Protein Function Prediction

In recent years, the numerous large scale sequencing projects have generated enormous amounts of sequence data. This has led to the identification of thousands of previously unknown genes whose function awaits to be characterized. A precise definition of protein function is difficult, as in general the meaning of the term “function” depends on the context which one is considering. The current dominant solution to this problem is through the use of ontologies, consisting of terms in a controlled vocabulary organized in a hierarchical structure through a set of well-defined relationships.

Standard ontologies usually have a structure that can be modelled by a rooted and oriented tree or, more generally, by a directed acyclic graph, like the Gene Ontology (GO), which is becoming the standard. Having defined function through ontologies, even for the best characterized model organisms, about a third of the proteins have unknown function. A fundamental goal is therefore to identify the function of uncharacterised genes on a genomic scale. It is difficult to design functional assays for uncharacterised genes so a major challenge in bioinformatics is to devise algorithmic methods that, given a gene, can predict a hypothesis for its function that can then be validated experimentally.

For over 10 years our lab has been at the forefront of international research for the development of methods for protein function prediction. We have framed this problem as a multi-class multi-label classification problem and to solve it we have developed new machine learning methods based on the diffusion of information over large weighted graphs inferred from evolutionary information.
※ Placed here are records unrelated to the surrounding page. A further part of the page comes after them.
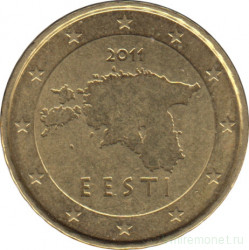 Монета. Эстония. 10 центов 2011 год.
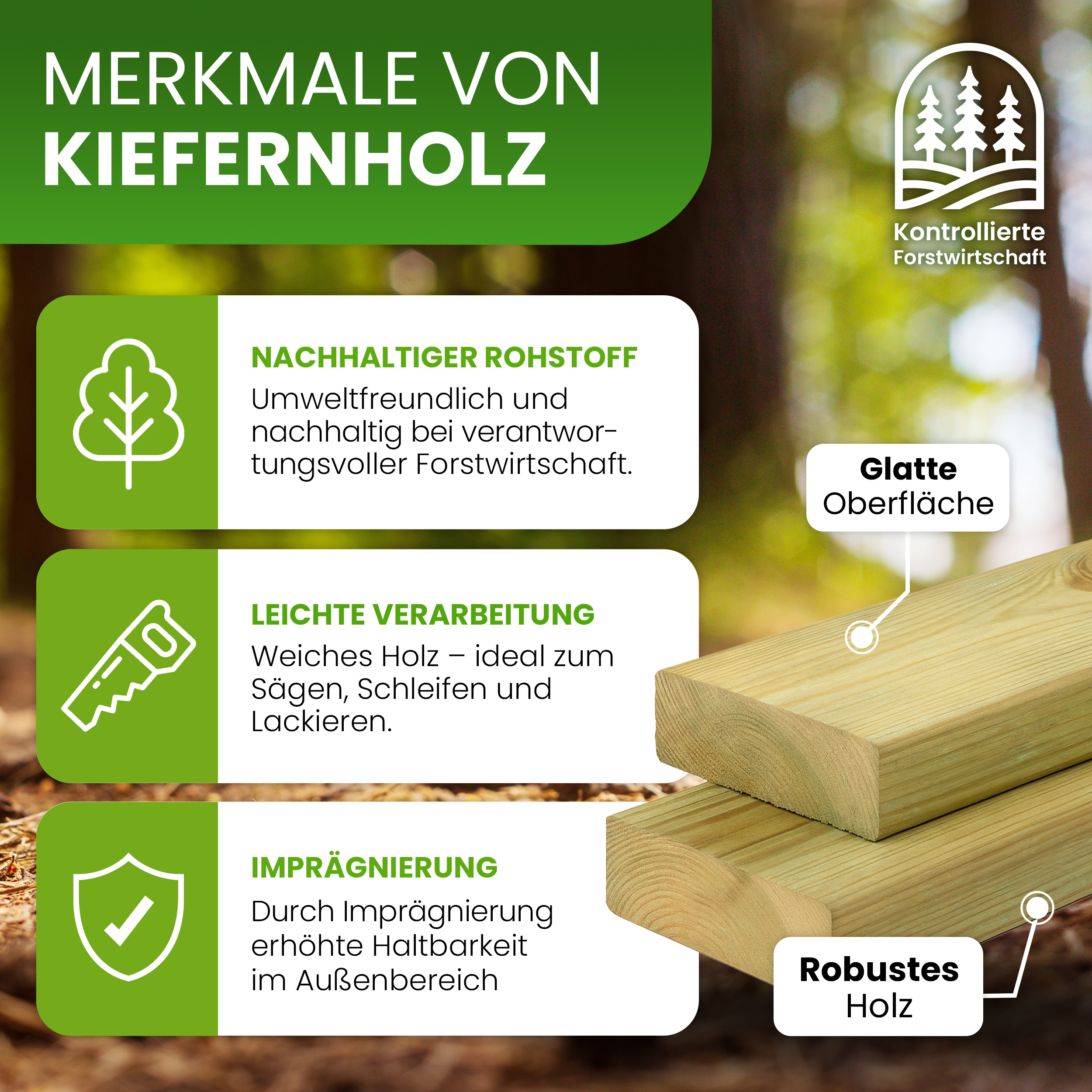 Terrassendiele 40x120 mm glatt Kiefer imprägniert Bohle Kiefernholz
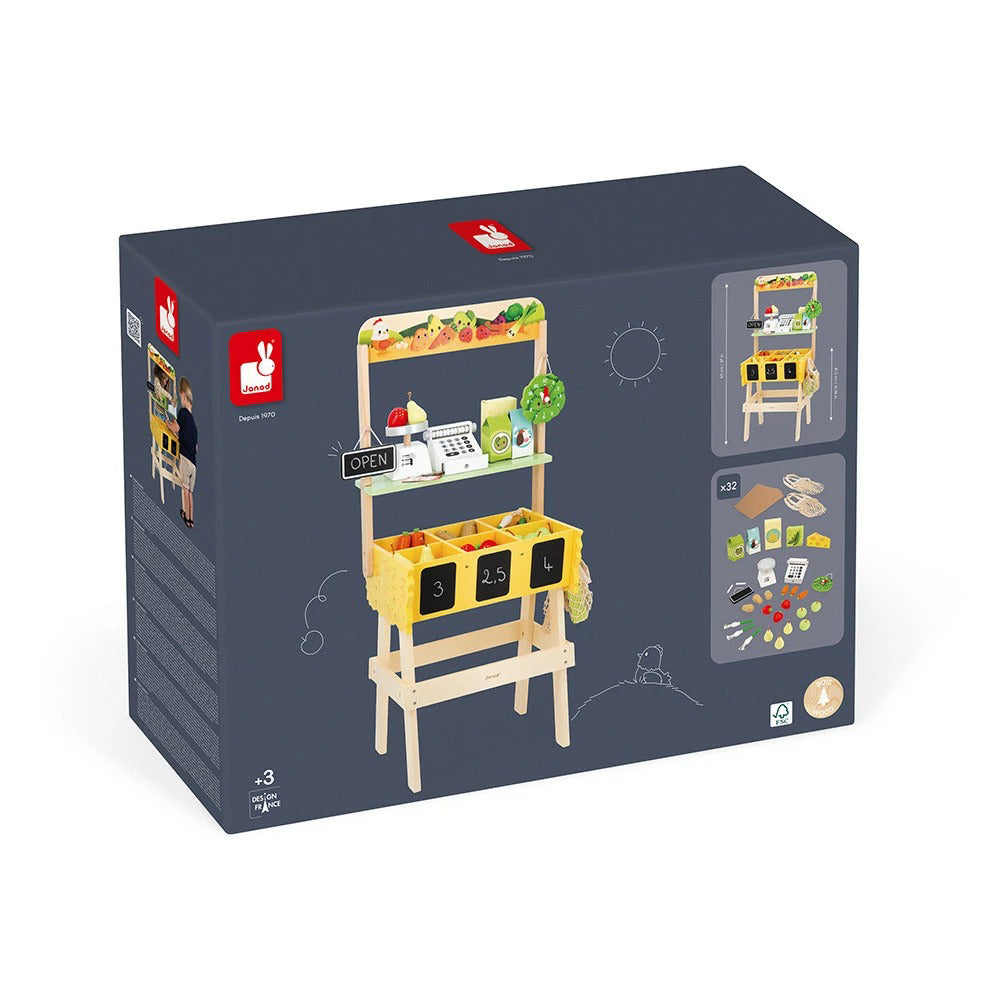 Janod® Lesena stojnica s sadjem in zelenjavo Janod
The results obtained by our system in the last two published editions of the tri-annual CAFA competition (Critical Assessment of Functional Annotation) placed the performance of our system among the very best systems in the world.

Recently, we introduced S2F (Sequence to Function), a network propagation approach for the functional annotation of newly sequenced organisms. Our main idea is to systematically transfer functionally relevant data from model organisms to newly sequenced ones, thus allowing us to use a label propagation approach. S2F introduces a novel label diffusion algorithm that can account for the presence of overlapping communities of proteins with related functions. Currently, S2F is considered to be the best method for predicting protein function in bacteria.

We have also proposed more accurate measures of GO semantic similarity.

In our lab research in protein function prediction has been funded by the BBSRC (grant BB/F00964X/1).